=== RECORD EXCERPTS ===

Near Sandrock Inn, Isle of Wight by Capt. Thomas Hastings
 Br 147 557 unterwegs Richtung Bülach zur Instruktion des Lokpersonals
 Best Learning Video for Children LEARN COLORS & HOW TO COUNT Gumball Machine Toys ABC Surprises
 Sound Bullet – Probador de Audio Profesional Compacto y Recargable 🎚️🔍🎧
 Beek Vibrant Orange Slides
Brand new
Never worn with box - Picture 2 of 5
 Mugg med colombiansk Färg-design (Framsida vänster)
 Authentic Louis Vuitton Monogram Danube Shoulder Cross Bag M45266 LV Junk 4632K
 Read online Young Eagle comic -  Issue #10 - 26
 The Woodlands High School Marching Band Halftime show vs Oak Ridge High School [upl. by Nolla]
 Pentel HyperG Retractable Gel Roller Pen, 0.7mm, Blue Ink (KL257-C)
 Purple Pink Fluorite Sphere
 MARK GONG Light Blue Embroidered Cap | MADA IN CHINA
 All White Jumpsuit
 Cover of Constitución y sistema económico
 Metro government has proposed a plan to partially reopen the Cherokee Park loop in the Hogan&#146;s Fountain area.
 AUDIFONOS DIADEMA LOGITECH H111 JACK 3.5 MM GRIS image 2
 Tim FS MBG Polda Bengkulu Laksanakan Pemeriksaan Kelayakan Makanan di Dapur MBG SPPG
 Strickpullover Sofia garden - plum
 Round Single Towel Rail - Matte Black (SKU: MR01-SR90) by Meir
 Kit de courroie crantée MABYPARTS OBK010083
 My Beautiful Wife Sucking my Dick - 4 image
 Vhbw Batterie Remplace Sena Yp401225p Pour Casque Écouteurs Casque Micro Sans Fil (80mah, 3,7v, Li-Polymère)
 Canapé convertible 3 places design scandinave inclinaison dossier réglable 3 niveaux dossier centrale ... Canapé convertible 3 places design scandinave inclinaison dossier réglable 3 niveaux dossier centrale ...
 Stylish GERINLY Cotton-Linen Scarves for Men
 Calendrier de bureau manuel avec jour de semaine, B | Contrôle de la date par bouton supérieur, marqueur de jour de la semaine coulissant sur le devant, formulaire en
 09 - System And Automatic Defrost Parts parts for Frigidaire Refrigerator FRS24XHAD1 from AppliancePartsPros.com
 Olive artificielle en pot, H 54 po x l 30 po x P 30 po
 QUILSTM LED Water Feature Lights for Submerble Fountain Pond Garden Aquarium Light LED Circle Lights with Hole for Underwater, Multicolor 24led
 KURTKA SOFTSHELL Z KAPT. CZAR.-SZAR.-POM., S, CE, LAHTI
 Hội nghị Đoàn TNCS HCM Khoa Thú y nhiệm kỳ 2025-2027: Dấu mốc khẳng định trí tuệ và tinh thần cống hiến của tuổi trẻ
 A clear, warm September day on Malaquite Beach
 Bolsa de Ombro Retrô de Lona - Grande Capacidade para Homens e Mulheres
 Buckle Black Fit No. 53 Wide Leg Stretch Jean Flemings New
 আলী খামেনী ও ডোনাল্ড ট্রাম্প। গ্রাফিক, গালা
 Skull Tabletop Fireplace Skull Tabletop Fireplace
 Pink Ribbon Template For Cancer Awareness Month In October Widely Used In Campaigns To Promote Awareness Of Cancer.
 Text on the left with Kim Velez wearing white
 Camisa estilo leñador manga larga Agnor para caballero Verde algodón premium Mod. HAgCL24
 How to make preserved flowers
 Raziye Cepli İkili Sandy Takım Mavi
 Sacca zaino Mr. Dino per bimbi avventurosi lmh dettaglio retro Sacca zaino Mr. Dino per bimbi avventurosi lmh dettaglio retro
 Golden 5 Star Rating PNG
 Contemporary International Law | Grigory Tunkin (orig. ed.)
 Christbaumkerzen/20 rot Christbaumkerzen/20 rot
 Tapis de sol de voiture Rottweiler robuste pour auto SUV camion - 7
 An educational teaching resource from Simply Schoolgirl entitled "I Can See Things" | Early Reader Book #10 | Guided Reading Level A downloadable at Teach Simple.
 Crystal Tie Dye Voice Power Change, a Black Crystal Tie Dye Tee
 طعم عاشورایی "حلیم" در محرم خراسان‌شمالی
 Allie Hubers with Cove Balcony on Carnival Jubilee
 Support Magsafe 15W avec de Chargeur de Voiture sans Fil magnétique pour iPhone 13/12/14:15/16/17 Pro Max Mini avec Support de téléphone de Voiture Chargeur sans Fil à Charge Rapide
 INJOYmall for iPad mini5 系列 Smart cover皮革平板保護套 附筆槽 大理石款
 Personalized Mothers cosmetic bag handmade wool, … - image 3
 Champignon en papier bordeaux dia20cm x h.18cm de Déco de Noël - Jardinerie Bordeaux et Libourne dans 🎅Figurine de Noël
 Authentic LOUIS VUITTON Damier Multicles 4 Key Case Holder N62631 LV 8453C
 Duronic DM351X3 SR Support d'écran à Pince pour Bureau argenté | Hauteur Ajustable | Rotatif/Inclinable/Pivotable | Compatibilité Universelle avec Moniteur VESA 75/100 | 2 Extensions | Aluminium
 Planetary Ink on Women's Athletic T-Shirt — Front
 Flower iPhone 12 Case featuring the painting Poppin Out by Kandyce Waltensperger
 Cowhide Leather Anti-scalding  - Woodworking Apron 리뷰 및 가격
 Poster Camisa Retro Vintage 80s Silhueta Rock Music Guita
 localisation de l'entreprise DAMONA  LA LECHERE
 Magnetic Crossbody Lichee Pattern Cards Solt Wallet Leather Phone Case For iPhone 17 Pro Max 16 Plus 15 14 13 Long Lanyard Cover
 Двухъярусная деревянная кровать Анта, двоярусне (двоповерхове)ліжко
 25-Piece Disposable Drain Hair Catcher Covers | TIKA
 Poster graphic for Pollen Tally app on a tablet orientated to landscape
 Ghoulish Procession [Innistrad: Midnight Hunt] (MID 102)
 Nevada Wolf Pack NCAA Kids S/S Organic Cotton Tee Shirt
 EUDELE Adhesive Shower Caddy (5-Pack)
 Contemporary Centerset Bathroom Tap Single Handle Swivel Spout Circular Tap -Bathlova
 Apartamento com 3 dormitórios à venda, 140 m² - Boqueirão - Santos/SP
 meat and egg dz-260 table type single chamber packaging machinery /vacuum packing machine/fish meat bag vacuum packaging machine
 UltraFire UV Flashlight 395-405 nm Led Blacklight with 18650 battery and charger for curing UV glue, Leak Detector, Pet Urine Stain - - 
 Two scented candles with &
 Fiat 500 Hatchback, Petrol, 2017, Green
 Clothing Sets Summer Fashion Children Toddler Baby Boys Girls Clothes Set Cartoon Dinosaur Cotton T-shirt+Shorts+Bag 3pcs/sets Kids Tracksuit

===

**WHAT IS REQUIRED**. Show the lines above with "Authentic".

**FINISHED TASK**.
 Authentic Louis Vuitton Monogram Danube Shoulder Cross Bag M45266 LV Junk 4632K
 Authentic LOUIS VUITTON Damier Multicles 4 Key Case Holder N62631 LV 8453C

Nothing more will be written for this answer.